There are three essential and closely related topics for representation learning in NLP. First, the graph is also a natural way to represent objects and their relationships. In Chap. 6, we introduce representation learning techniques for modeling nodes, edges, and graphs; how graph representation learning can help NLP. Second, another important topic related to NLP is cross-modal representation learning. It studies how to build unified semantic representations across distinct modalities, such as texts, audios, images, and videos. In Chap. 7, we focus on the interaction between vision and text to introduce techniques and advances in cross-modal representation learning. Third, the robustness of semantic representations is critical for NLP applications, which will be introduced in Chap. 8.

In this book, we also argue that a deep understanding of natural languages requires the support of multiple human knowledge. Representation learning can incorporate external knowledge for NLP, known as knowledge-guided NLP, as shown in Fig. 1.10. Here, we introduce three typical forms of knowledge representation closely related to NLP: entity-based world knowledge, sememe-based linguistic and commonsense knowledge, and legal and biomedical domain knowledge.

Fig. 1.10
A framework starts with the deep learning model, which extracts knowledge and leads to the knowledge graph. Embedding and symbols are present in a knowledge graph. The knowledge-guided NLP is then incorporated.

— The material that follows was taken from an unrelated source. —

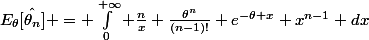 E_{\theta}[\hat{\theta_n}] = \int_0^{+\infty} \frac{n}{x} \frac{\theta^n}{(n-1)!} e^{-\theta x} x^{n-1} dx
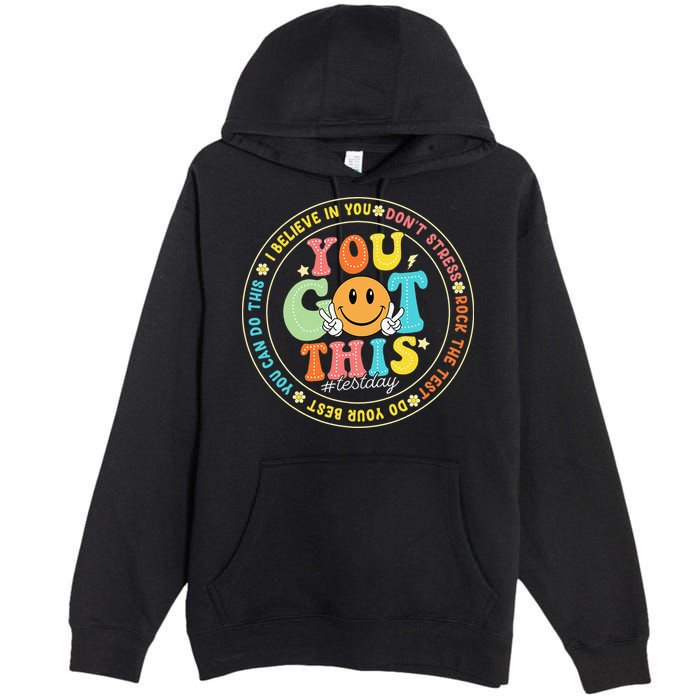 Test Day You Got This Rock The Test Teacher Testing Day Premium Pullover Hoodie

The framework of knowledge representation learning (KRL), knowledge acquisition, and knowledge-guided NLP

In Chap. 9, we give a general introduction to knowledge representation learning (KRL) and take entity-based world knowledge as an example to introduce KRL methods and knowledge-guided NLP. World knowledge representation typically encodes world facts from knowledge graphs with entities and their relations into continuous semantic space. With world KRL, we can make NLP models knowledgeable of more information about those entities in text, such as rich attributes or relations with other entities.

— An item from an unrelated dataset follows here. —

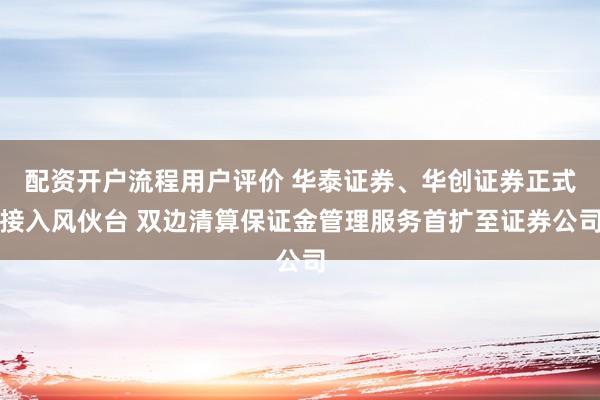 配资开户流程用户评价 华泰证券、华创证券正式接入风伙台 双边清算保证金管理服务首扩至证券公司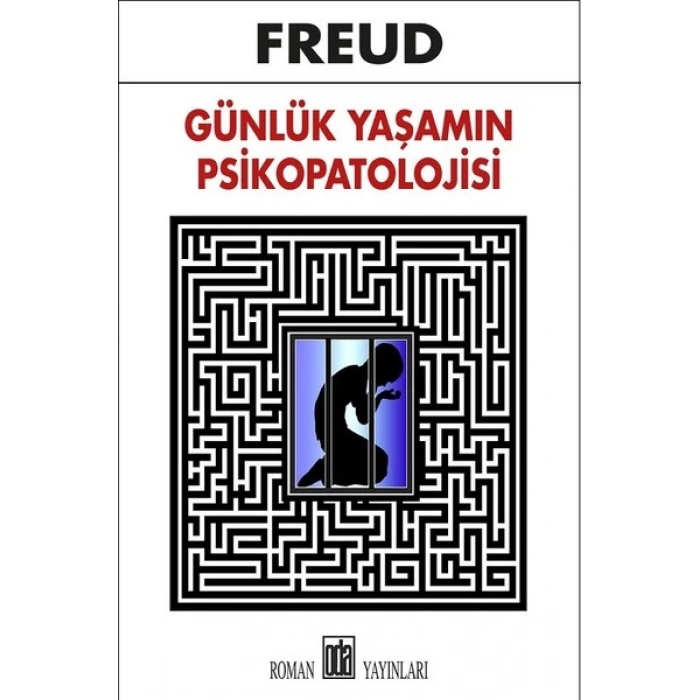Günlük Yaşamın Psikopatolojisi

Sememe representation encodes linguistic and commonsense knowledge of natural languages, where sememe is defined as the minimum indivisible unit of semantic meanings in human languages [5]. As shown in Chap. 10, with the help of sememe representation learning, we can get more interpretable and robust NLP models.

There is also rich and complicated domain knowledge along with large amounts of domain-specific texts. Domain knowledge is important for the accurate understanding of domain texts. In Chaps. 11 and 12, we take the legal and biomedical domains as examples to introduce how to represent domain knowledge of distinct forms and facilitate domain-specific NLP systems.

At the end of the book, we share some views about challenging topics in representation learning for NLP. We hope the outlook can inspire more readers to play a part in building more powerful representation learning for NLP and AI.